Far Cry 3 - La grande mascarade
Pour être franc, la première fois que j'ai lancé Far Cry 3, je m'attendais à vivre l'enfer. Entre les personnages psychopathes des trailers et l'encyclopédie du jeu sobrement intitulée Guide de Survie, l'expérience promettait d'être intense. Toutefois, prenant mon courage à deux mains, je cliquais quand même sur le mode de difficulté le plus élevé et fermais les yeux. Ça y est, me voici dans la peau de Jason, jeune californien venu avec ses amis chercher adrénaline et autres plaisirs de la vie sur une île paradisiaque.
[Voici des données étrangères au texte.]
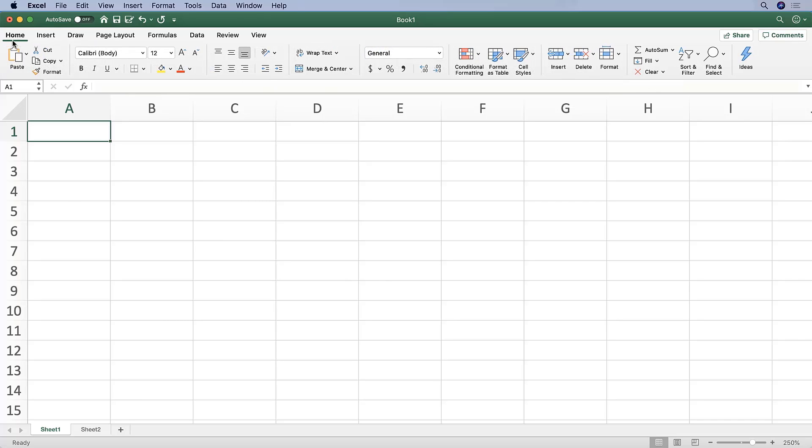That ribbon is organized into eight logical categories: Home, Insert, Draw, Page Layout, Formulas, Data, Review, and View.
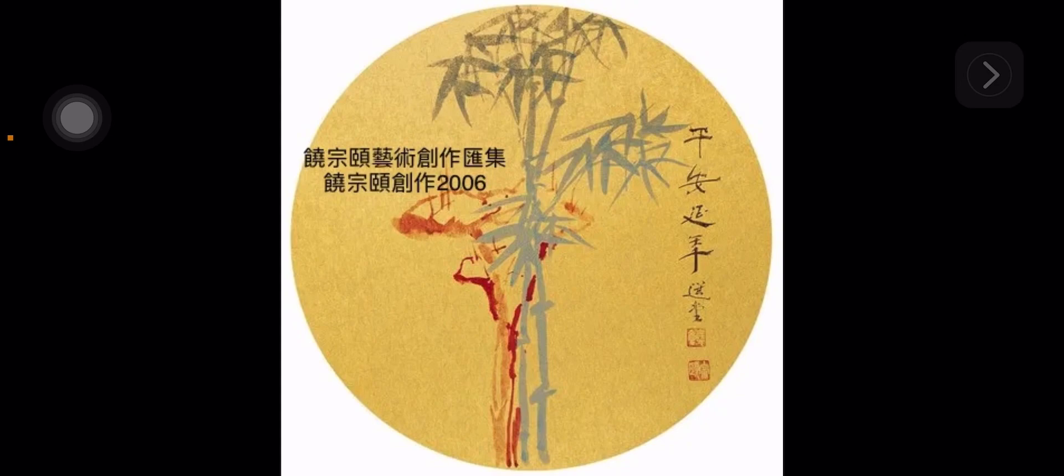Hi everybody, I'm Lydia. Today I want to share the collection of art creation by Yu Zhongyi.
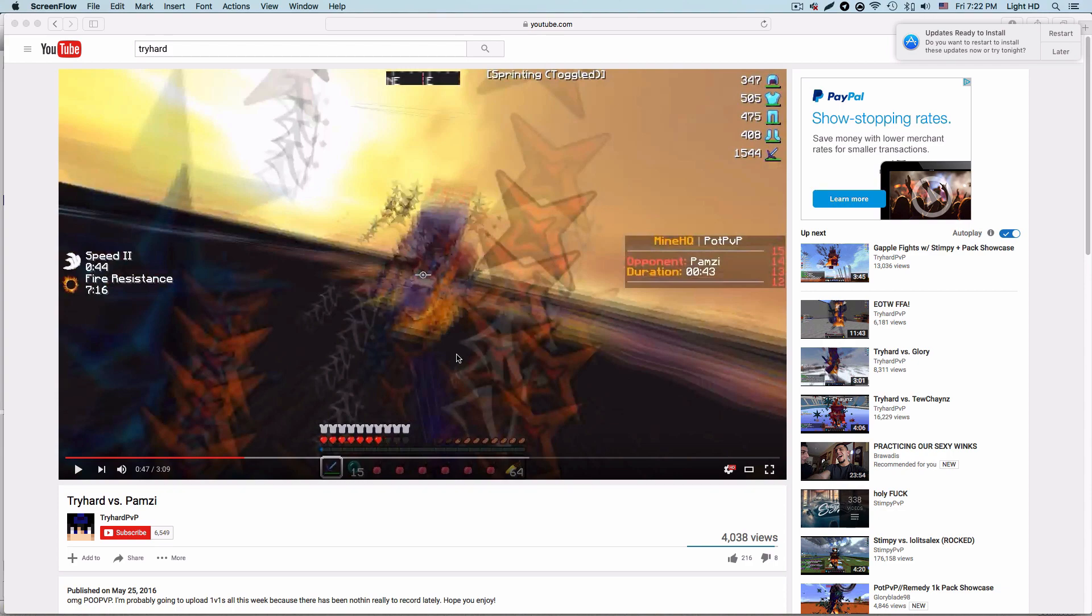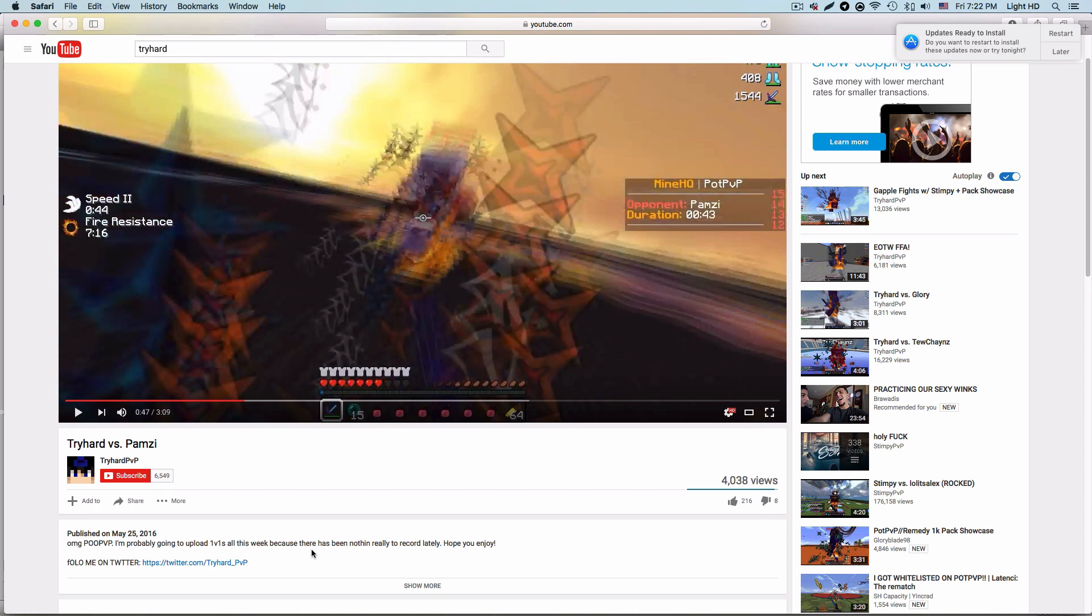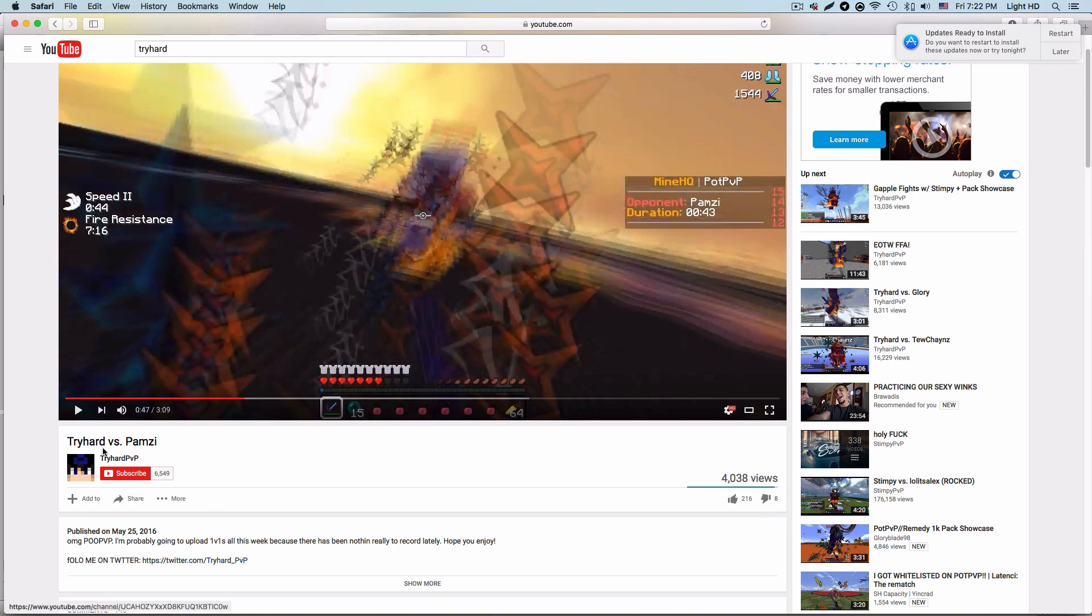Hello everyone, I'm going to be exposing Trollhard PvP. This is a video called Trollhard PvP.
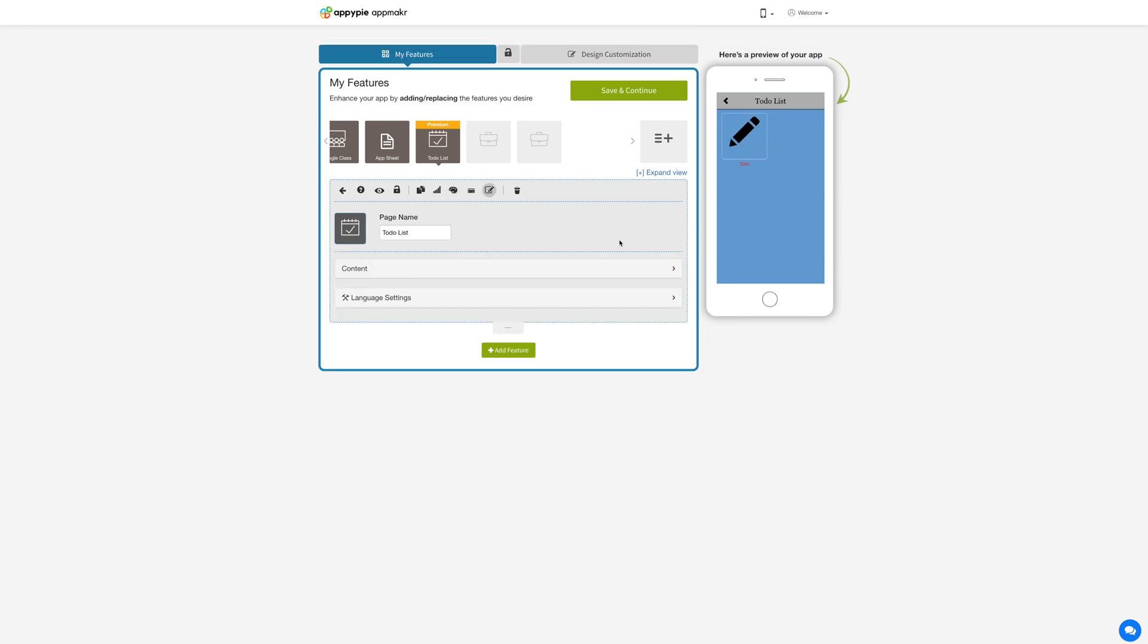Once you're done click on save and continue. That's all for now. Thank you for watching and don't forget to subscribe to our channel and hit the bell icon to get the latest updates as soon as they are live.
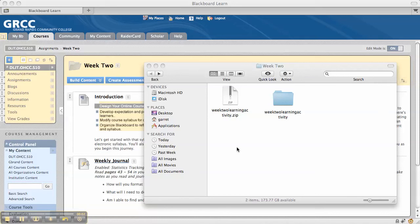This is a tutorial on adding package files or multiple files to Blackboard 9.1. In the old version of Blackboard, if you had a folder with multiple files in it — say from a Camtasia Studio output, or a learning activity with an HTML file and linked image files — you would have to zip it up and then unpackage it in Blackboard.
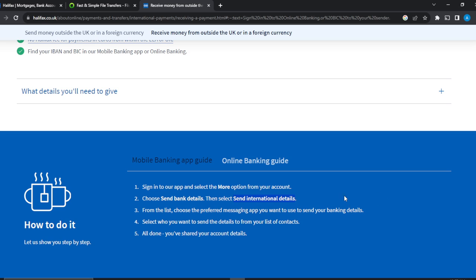Next, select 'Send international details'. Once you click on 'Send international details', you'll get your IBAN and BIC codes. From the list, choose your preferred messaging app to send your bank details, then select who you want to send the details to from your contact list, and you're all done.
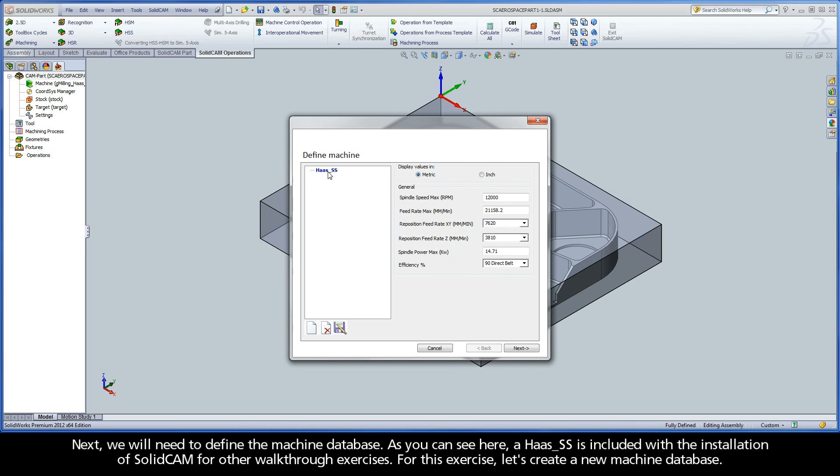As you can see here, a HAAS SS is included with the installation of SolidCam for other walkthrough exercises. For this exercise, let's create a new machine database.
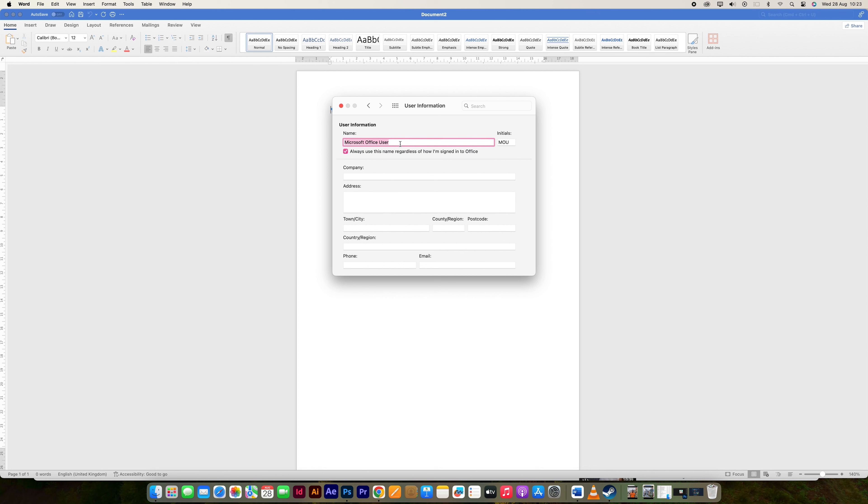Here you can change your username and make sure you save so that the changes can be effective. This update will reflect in the revision history, ensuring that any future edits and comments are attributed to the new username, making it easier to track who made specific changes in collaborative documents.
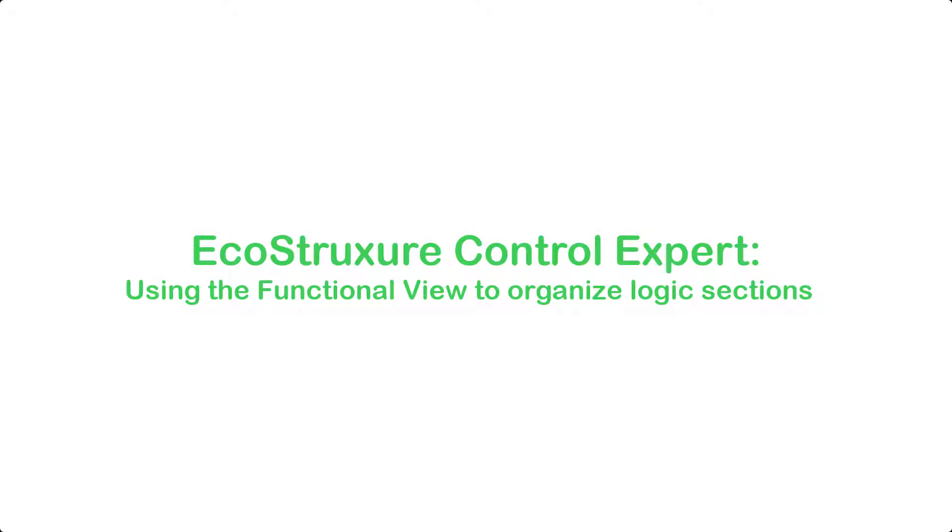Welcome to this demonstration of the functional view in the EcoStruxure Control Expert software. This feature will help you organize your application into a tree structure, making it easier to locate sections, animation tables, and operator screens in a group of folders.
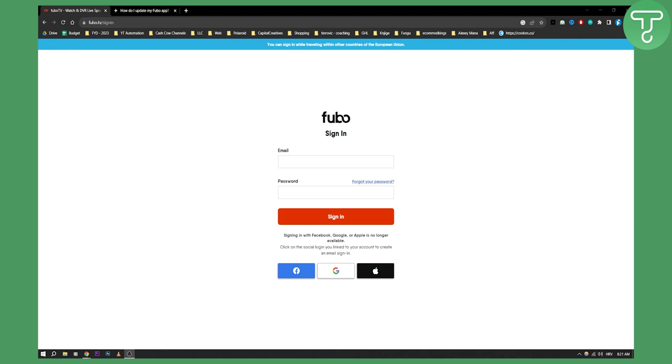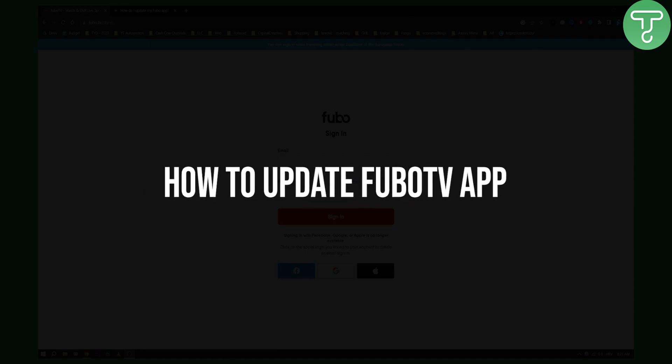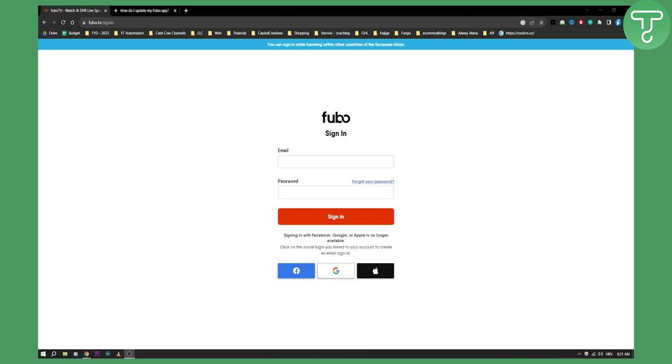Hello everyone, welcome to another tutorial on FuboTV. Now if you're using FuboTV on a bunch of different devices and want to update the FuboTV app, there is a way to do it.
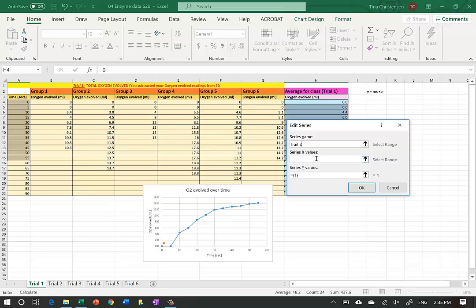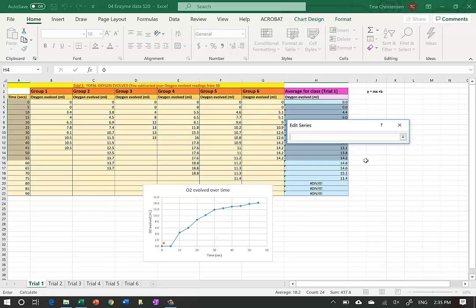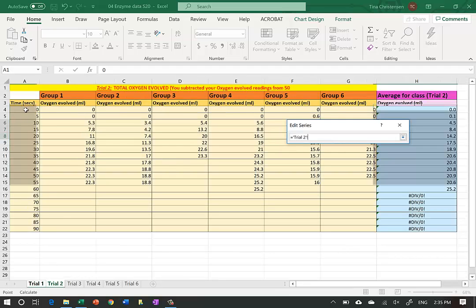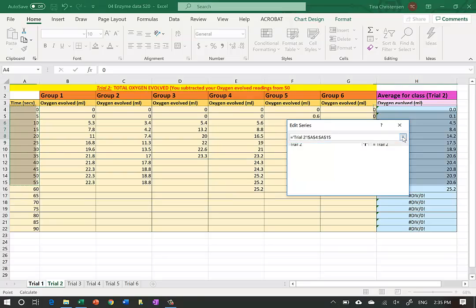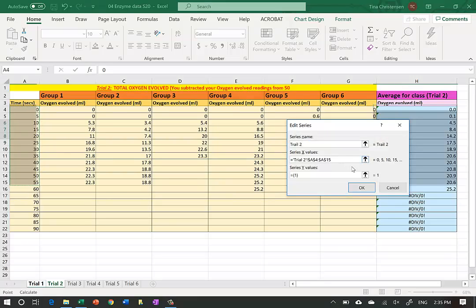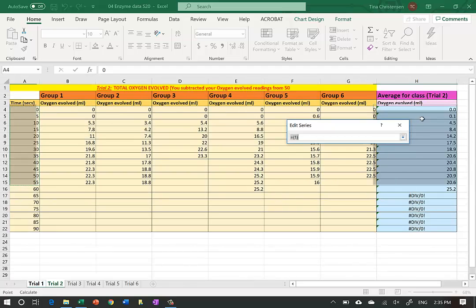The Y values are going to be on the Trial 2 tab. To select these values I click the arrow, go over to the Trial 2 tab, and select the same time values down to row 15 for 55 seconds. Then I click the arrow again. Next I select the Y values - the class averages. I click the arrow, make sure I'm on Trial 2, and highlight from zero down to row 15.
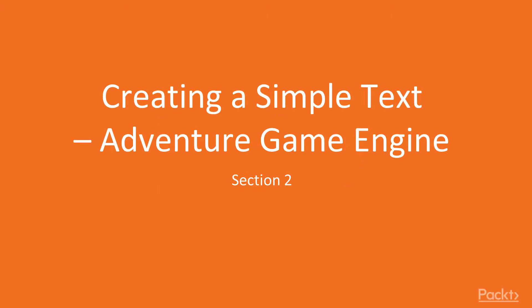Hello everyone, and welcome to the first video of the second section of Real World Projects with Java 11, Section 2, Creating a Simple Text Adventure Game Engine.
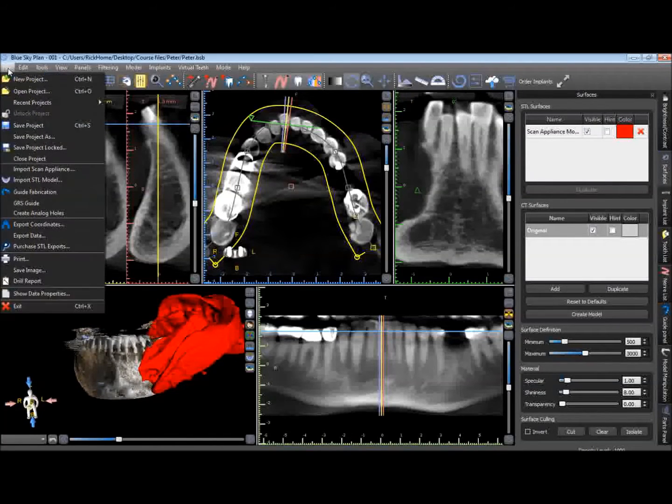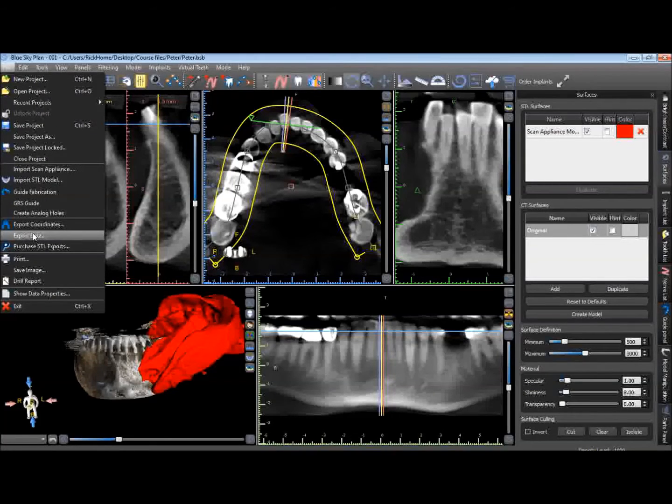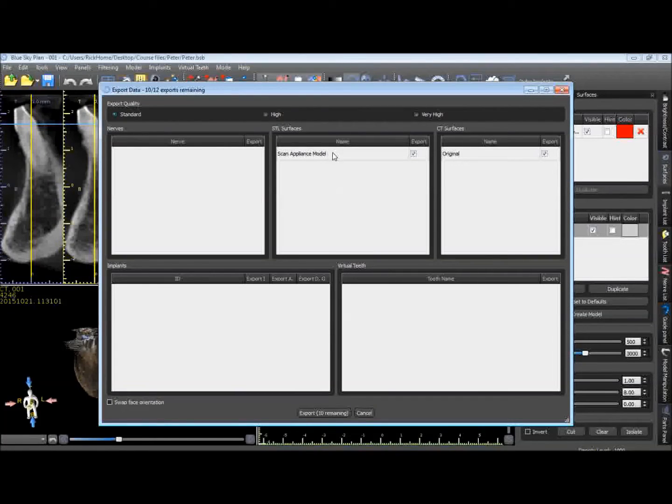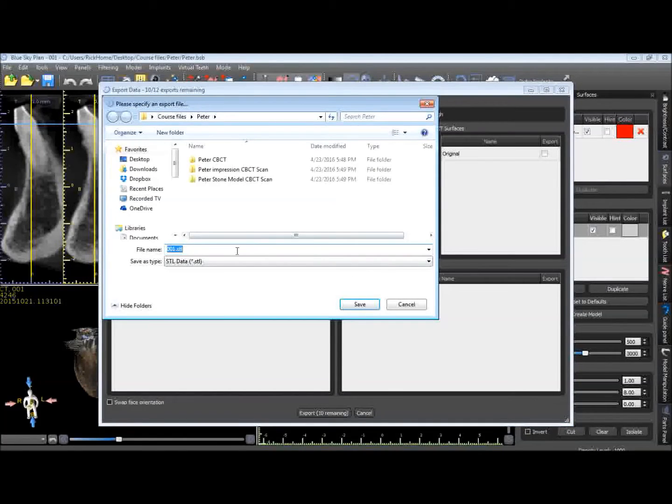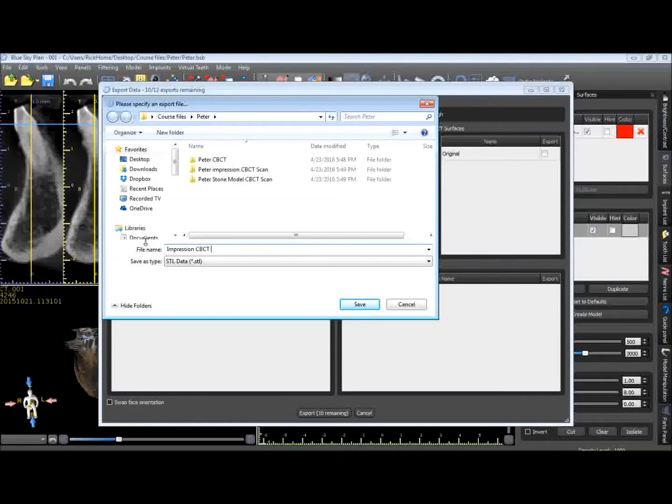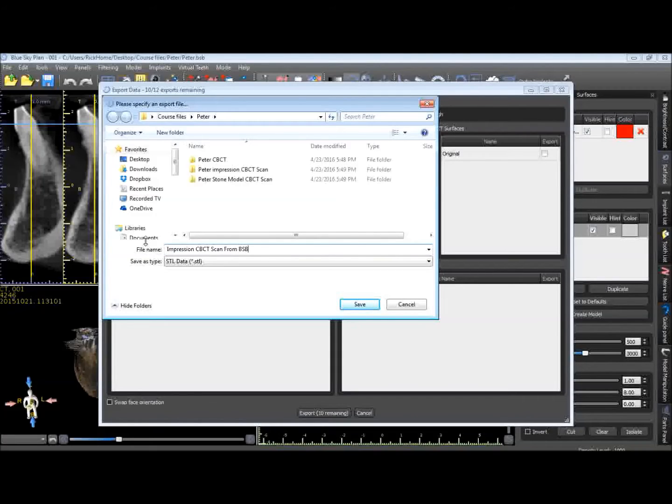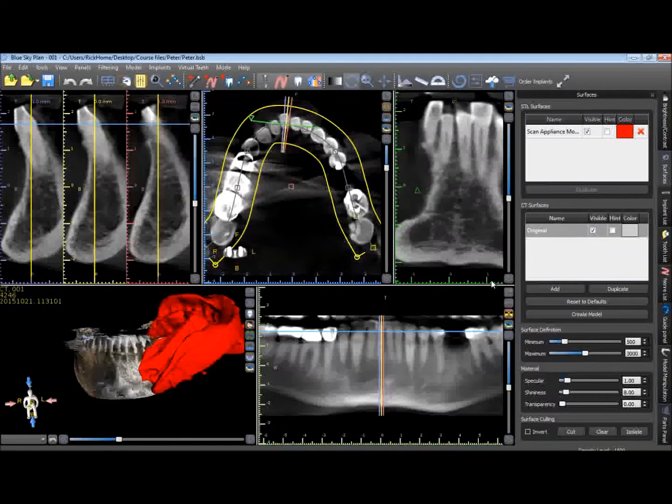We're now going to export this impression or scan appliance model out of Blue Sky. We're going to uncheck the original, that's the jaw scan, and go ahead and export that. And we're going to call this impression CBCT scan from Blue Sky file. So, we'll just give it a name, Impression CT scan, and we're going to save this as an STL file.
Vu que cette dernière foisonne de vendeurs d'esclaves et de kalachnikov, on se dit qu'ils ont dû passer par une agence de voyage un peu spéciale mais mettons.
Ce qui rend Jason sympathique c'est qu'il n'a rien d'exceptionnel. Il n'a jamais tenu une arme de sa vie, il n'a jamais fait d'opérations commandos en Afghanistan bref un vrai touriste lambda. Je sentais du coup qu'Ubisoft miserait sur un gameplay original avec un héros peureux voire maladroit. Mais les années passent et je reste un grand naïf. En effet, après s'être échappé de sa prison en bambous au moyen de QTE passionants, notre bleusaille rencontre un autochtone qui lui explique qu'un guerrier sommeille en lui et qu'il doit combattre puisque c'est son destin. Bon, quand c'est génétique, on ne peut que s'incliner. De fait en dix minutes montre en main, Jason maîtrise la machette, les fusils d'assaut et enchaîne les massacres de masse sans problème. A côté quand on voit le pauvre Jason Bourne passer des années de formation pour devenir un tueur ultime, on se dit que c'est un sacré rigolo. Bref, vous voilà parti pour une vendetta sanglante afin de libérer vos potes et offrir la victoire à la guérilla locale qui se bat depuis des années pour éliminer le méchant Vaas et ses sbires. C'est quand même autre chose que de partir en vacances avec le Club Med !
Ubisoft n'a pas été avare en promesses pour cet opus de Far Cry. Pour être clair, on est censé disposer d'un véritable bac à sable pour adulte. Monde ouvert, graphismes au top et thèmes matures devaient ainsi coexister dans ce FPS. Malheureusement, en dehors de la technique, le résultat est loin d'être à la hauteur. Il faut reconnaître que, pour peu qu'on ait une config un peu musclée, le jeu est très beau. Bien que le moteur physique ne fasse pas de prouesses, les textures sont propres, la jungle est superbe et la gestion des cycles jour / nuit est totalement maîtrisée. Ajoutez à cela une carte vaste et sans chargement et vous avez tous les ingrédients pour affirmer que ce titre a dû demander beaucoup de travail.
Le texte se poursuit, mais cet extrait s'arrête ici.